Police raided an underground workshop Monday night that was producing oil from pork of questionable quality, Qingpu district police told the Global Times Tuesday.
A group of food safety activists reported the unregistered workshop to police Monday. Group members posted photographs online showing pieces of pork stacked in filthy containers or on the floor around the workshop. Some of the meat had already started to go bad. "The workshop ran from 10 pm to about 5 am each day," said Wang Gang, one of the activists. "There were four mills. Two produced cooking oil and the other two produced pork jerky."
Police are still investigating whether the workshop was producing the oil for consumption or industrial use, said a press officer surnamed Shi from the Qingpu District Public Security Bureau.

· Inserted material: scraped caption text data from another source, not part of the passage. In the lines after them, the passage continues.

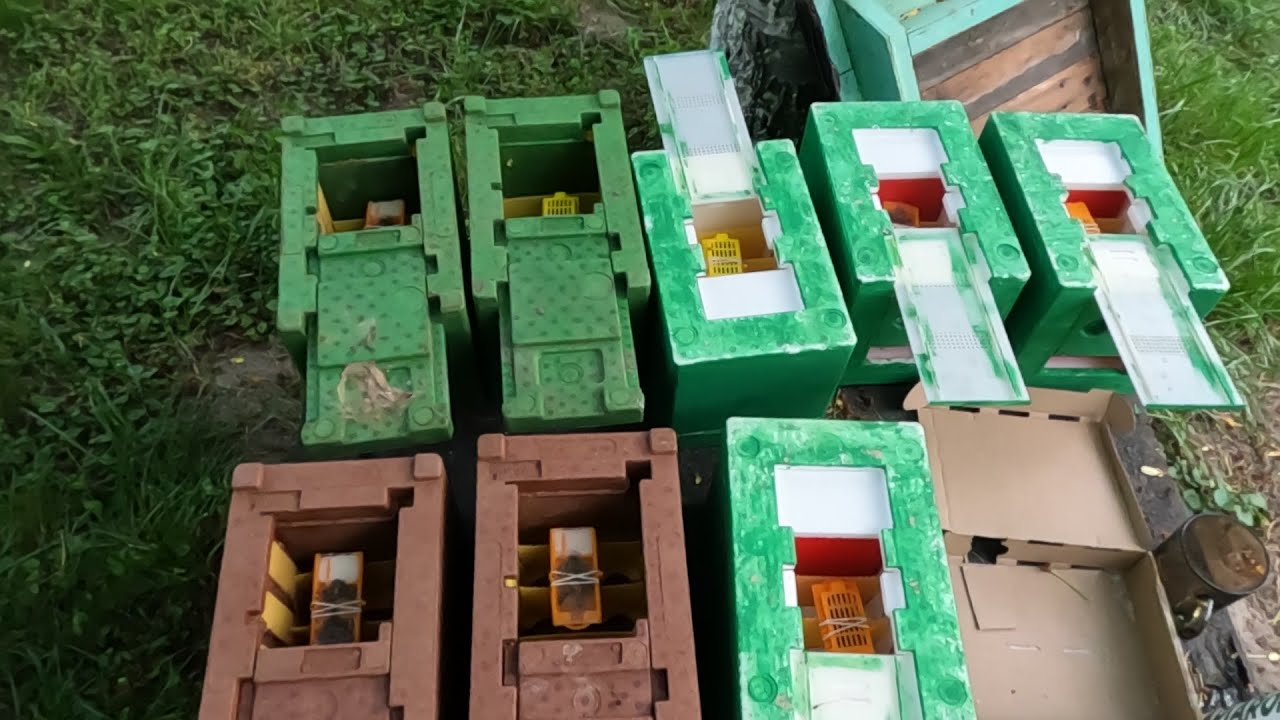Zasiedlam uliki weselne i podaję matki, 3 dzień miodobrania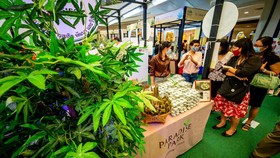 Thailand Akan Legalkan Ganja, Seperti Apa Aturannya?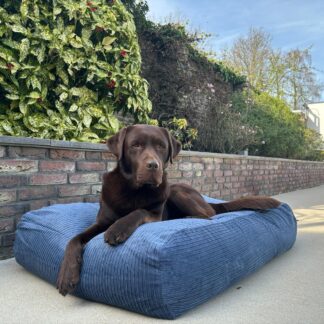 Dog's Companion® Hondenbed rafblauw double ribcord extra small
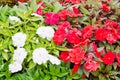 Different flowers in the flower bed in park Royalty Free Stock Photo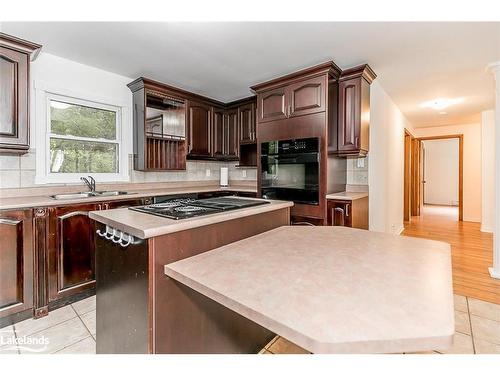 53 Pilon Road, Tiny, ON - Indoor Photo Showing Kitchen With Double Sink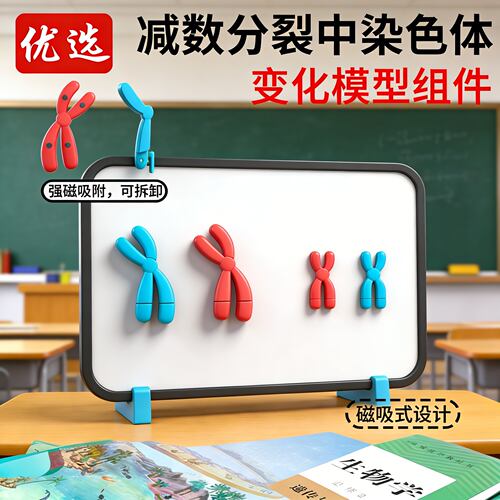 染色体磁吸式减数分裂中染色体变化模型组件高中生物DNA遗传规律染色体交叉互换中学生物学生实验器材教学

The workshop was hidden in the woods behind a restaurant, Wang said. A friend who lives nearby told him that it had been operating for at least two years.
Wang said his friend had hired a private investigator to look into the workshop for three months. "There were trucks delivering pig carcasses to the workshop every day," Wang said. "It also bought recycled oil from restaurants."
The photographs also showed workers boiling the meat in dirty cooking pots.
Workers packaged the jerky on the workshop's floor, but managed to remove it before police arrived, said an activist surnamed Ni, who was present at the scene.
Police have arrested several of the workshop's workers.